Deployments

A deployment is a versioned collection of one or more web endpoints for online inference.

Each deployment has a deploy target, which is a Kubernetes cluster the service will be served on. The default deploy target is a shared Kubernetes cluster managed by Valohai but you can also use your own cluster.

You can have multiple deployments if you want to run your service in different geolocations.

You can create and manage deployments under Deployment tab on Valohai web user interface.

Each deployment will get an assigned URL:
https://valohai.cloud/<owner>/<project>/<deployment>/

Tip

If you only need non-interactive batch predictions (taking a lot of samples as input and writing predictions into a file), you can just create a step to handle that, take your model/samples as inputs and write your predictions to /valohai/outputs.

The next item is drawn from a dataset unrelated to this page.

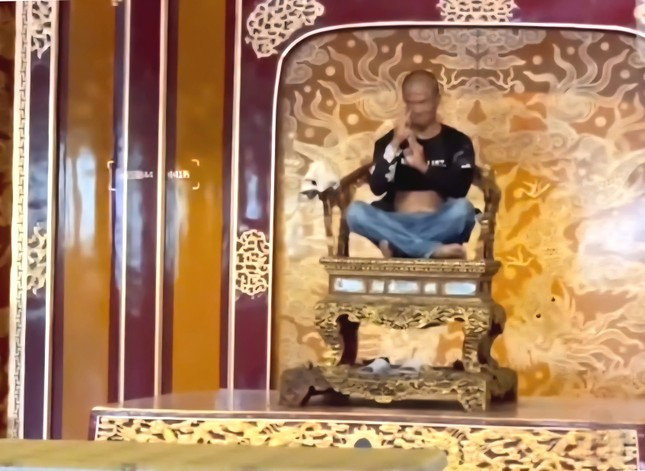 Đối tượng này đã qua mặt được bảo vệ di tích để lẻn vào khu vực đặt ngai vua và xâm hại Bảo vật quốc gia. Ảnh chụp màn hình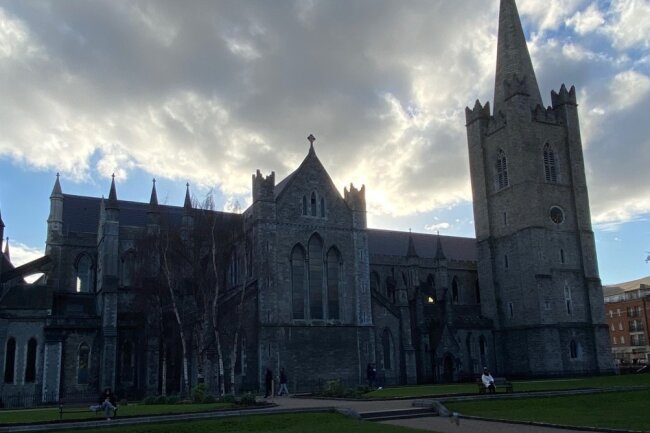Dublin: Ein Kurztrip in die irische Hauptstadt - Dublin bietet viele Sehenswürdigkeiten zum Entdecken: St. Patricks Cathedral.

Deployments are mainly required if one of the following is true:

  • you want to get fast predictions on per-sample basis
  • you want to give prediction endpoint access to application that outside of your organization e.g. a customer that doesn’t have a Valohai account

Version

A deployment version is a Docker image that Valohai builds on top of the Docker image you specify in the endpoint YAML definition. The build image will include 1) your code repository and 2) all files you defined in the YAML file and specified during deployment version creation.

The deployment version is the actual artifact that is served on the target Kubernetes cluster.

Running deployment versions will be accessible through:
https://valohai.cloud/<owner>/<project>/<deployment>/<version>
e.g.
https://valohai.cloud/ruksi/mnist/americas/20181002.0

Endpoint

An endpoint is a Docker container running a HTTP server in an auto-scaling Kubernetes cluster.

You can have multiple endpoints per deployment version because a single project can have various inference needs for different contexts.

Authentication can be added in various ways but the easiest is to use HTTP Basic Auth.

You define endpoints in the valohai.yaml:

- endpoint:
    name: greet-me
    description: Responds with a big hello!
    image: python:3.6
    port: 8000
    server-command: python -m wsgiref.simple_server

- endpoint:
    name: predict-digit
    description: Predict digits from image inputs ("file" parameter).
    image: gcr.io/tensorflow/tensorflow:1.13.1-py3
    wsgi: predict_wsgi:predict_wsgi
    files:
      - name: model
        description: Model output file from training step.
        path: model.pb
Note that each endpoint you specified in the YAML file will have separate URL:
https://valohai.cloud/<owner>/<project>/<deployment>/<version>/<endpoint>
e.g.
https://valohai.cloud/ruksi/mnist/americas/20181002.0/predict-digit

Alias

A deployment version alias is a human-readable name that points to a specific deployment version e.g. staging or production.

Aliases create canonical URLs for development so you can use Valohai to control which version is being served in each context. This allows you to update currently used version or rollback to previous version if something goes wrong.

For example, version alias https://valohai.cloud/ruksi/mnist/americas/production/predict-digit could be used by applications utilizing your predictions and they don’t need to change the URL when you a release new version.